## What is expected
Repeat the listing below exactly. Pictures do not belong in the copy.

## Information given
-*-
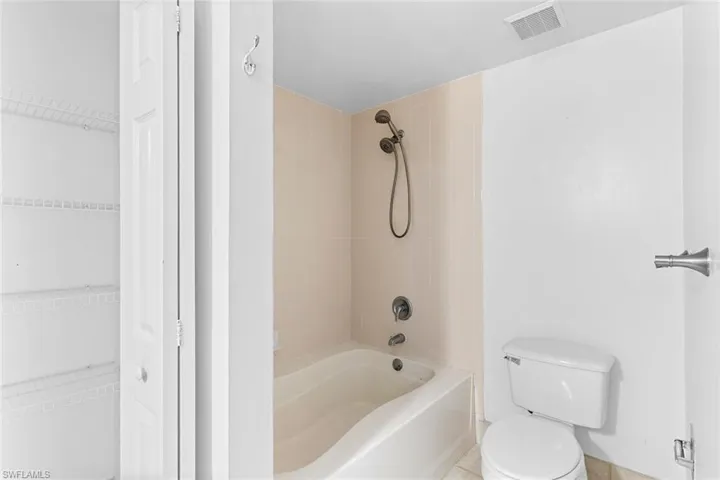 1130  Reserve  WAY, Naples, FL 34105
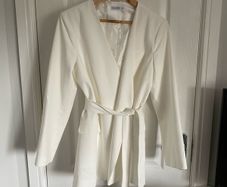 Gallery ladies cream jacket with belt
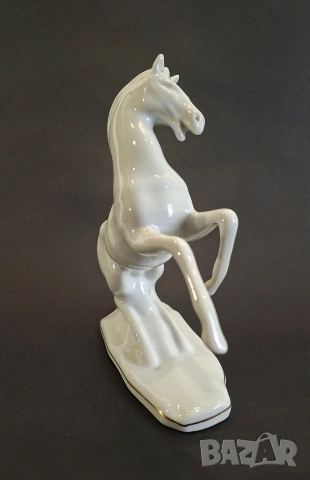 Порцеланова фигура на кон, снимка 2 - Статуетки - 53951698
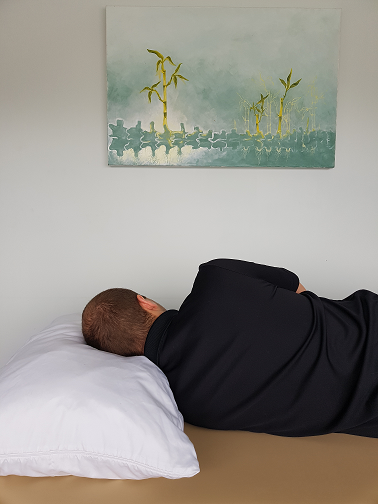 oakville physiotherapy how to sleep to aviod pain, man sleeping on side with pillow under neck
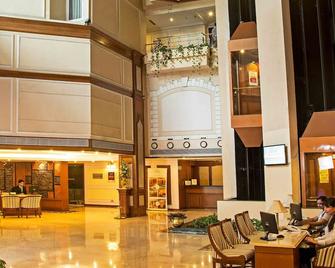 The Chancery Hotel - Bangalore - Lobby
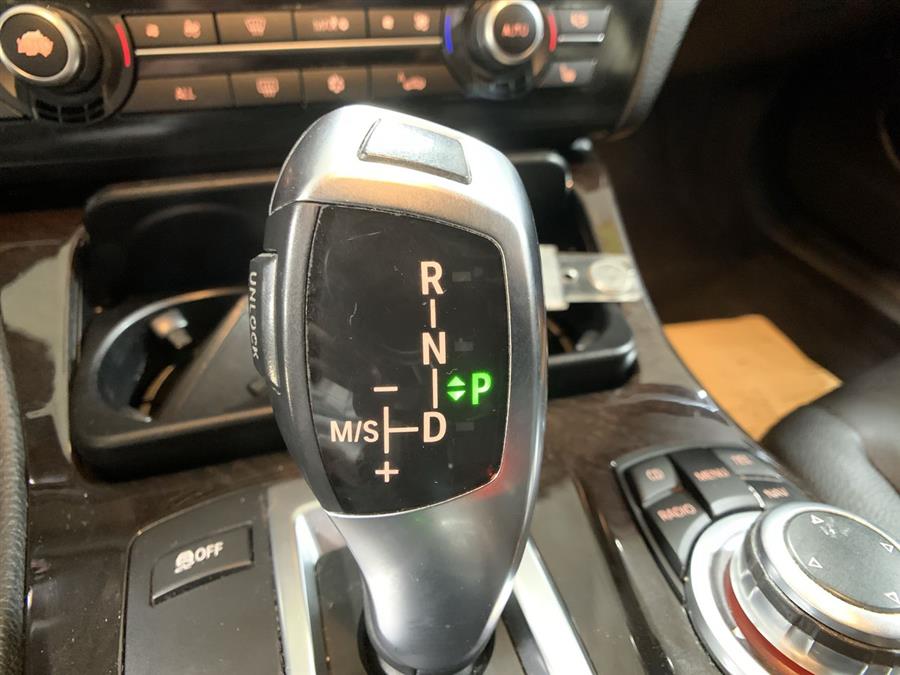 2011 BMW 5 Series 4dr Sdn 550i xDrive AWD, available for sale in Stratford, Connecticut | Wiz Leasing Inc. Stratford, Connecticut 2011 BMW 5 Series 4dr Sdn 550i xDrive AWD, available for sale in Stratford, Connecticut | Wiz Leasing Inc. Stratford, Connecticut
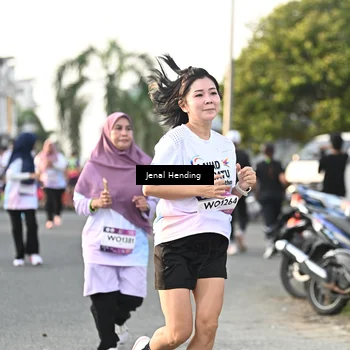 Runner Photo 7702773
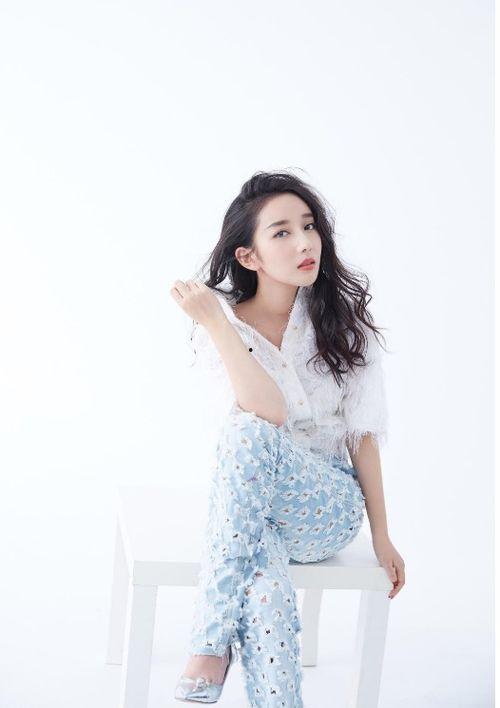 娱乐小花爆料,娱乐圈幕后真相大揭秘 第2张 娱乐小花爆料,娱乐圈幕后真相大揭秘 第2张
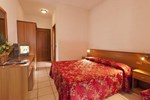 Отель Hotel Veneriaz Отель Hotel Veneriaz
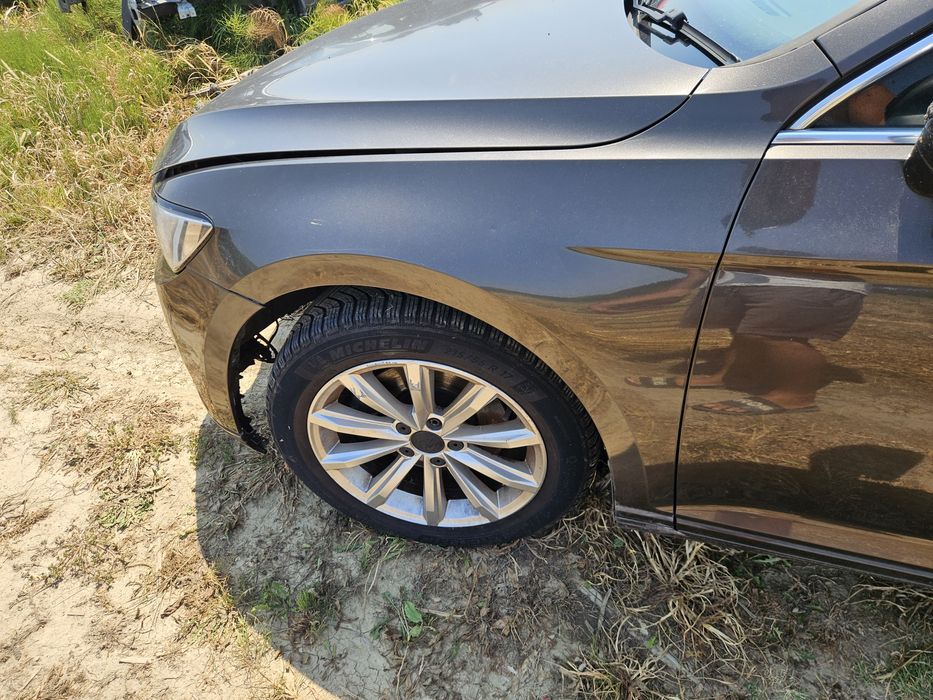 Aripa stanga fata Vw Passat B8 an 2015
-*-
## Response to this exercise
 1130  Reserve  WAY, Naples, FL 34105
 Gallery ladies cream jacket with belt
 Порцеланова фигура на кон, снимка 2 - Статуетки - 53951698
 oakville physiotherapy how to sleep to aviod pain, man sleeping on side with pillow under neck
 The Chancery Hotel - Bangalore - Lobby
 2011 BMW 5 Series 4dr Sdn 550i xDrive AWD, available for sale in Stratford, Connecticut | Wiz Leasing Inc. Stratford, Connecticut 2011 BMW 5 Series 4dr Sdn 550i xDrive AWD, available for sale in Stratford, Connecticut | Wiz Leasing Inc. Stratford, Connecticut
 Runner Photo 7702773
 娱乐小花爆料,娱乐圈幕后真相大揭秘 第2张 娱乐小花爆料,娱乐圈幕后真相大揭秘 第2张
 Отель Hotel Veneriaz Отель Hotel Veneriaz
 Aripa stanga fata Vw Passat B8 an 2015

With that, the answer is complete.